__Exercise__
Your response is a verbatim copy of the listing, stripped of its images.

__Dataset excerpts__
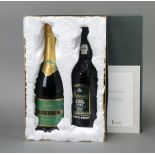 A bottle of Harrods Premier Cru champagne together with bottle of Harrods Finest Reserve Port by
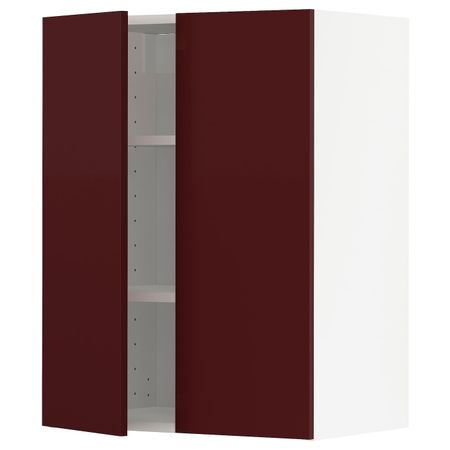 Навесной шкаф с полками/2дверцы, белый Калларп/глянцевый темный красно-коричневый 60x80 см IKEA METOD МЕТОД 794.468.66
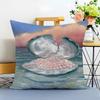 Works by Polish Artist Monika Marchewka Cushion Cover Washable Linen Comfort Soft  for Sofa Bed Cozy Home Room Decor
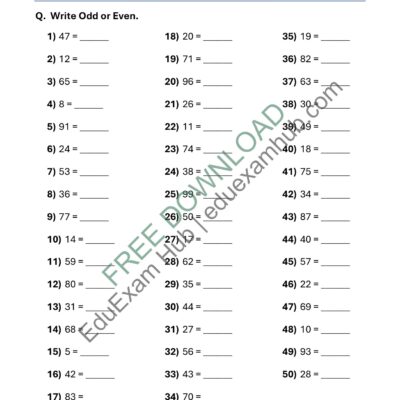 class 1 odd and even numbers 1 100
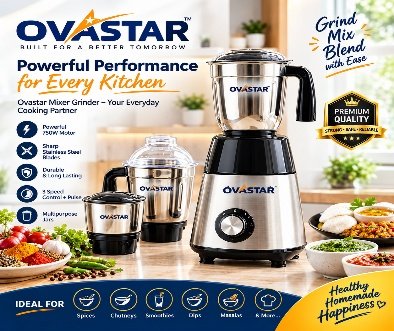 Ovastar Mixer Grinder — 750W, 3 JAR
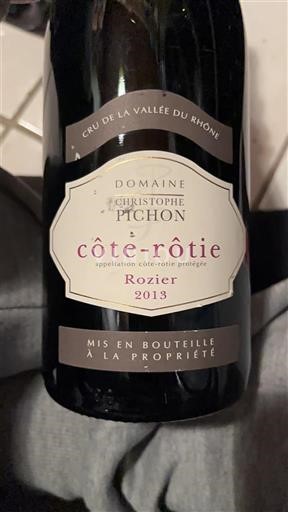 Vallée du Rhône Côte-rôtie Domaine Christophe Pichon Rozier 2013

__Written reply__
 A bottle of Harrods Premier Cru champagne together with bottle of Harrods Finest Reserve Port by
 Навесной шкаф с полками/2дверцы, белый Калларп/глянцевый темный красно-коричневый 60x80 см IKEA METOD МЕТОД 794.468.66
 Works by Polish Artist Monika Marchewka Cushion Cover Washable Linen Comfort Soft  for Sofa Bed Cozy Home Room Decor
 class 1 odd and even numbers 1 100
 Ovastar Mixer Grinder — 750W, 3 JAR
 Vallée du Rhône Côte-rôtie Domaine Christophe Pichon Rozier 2013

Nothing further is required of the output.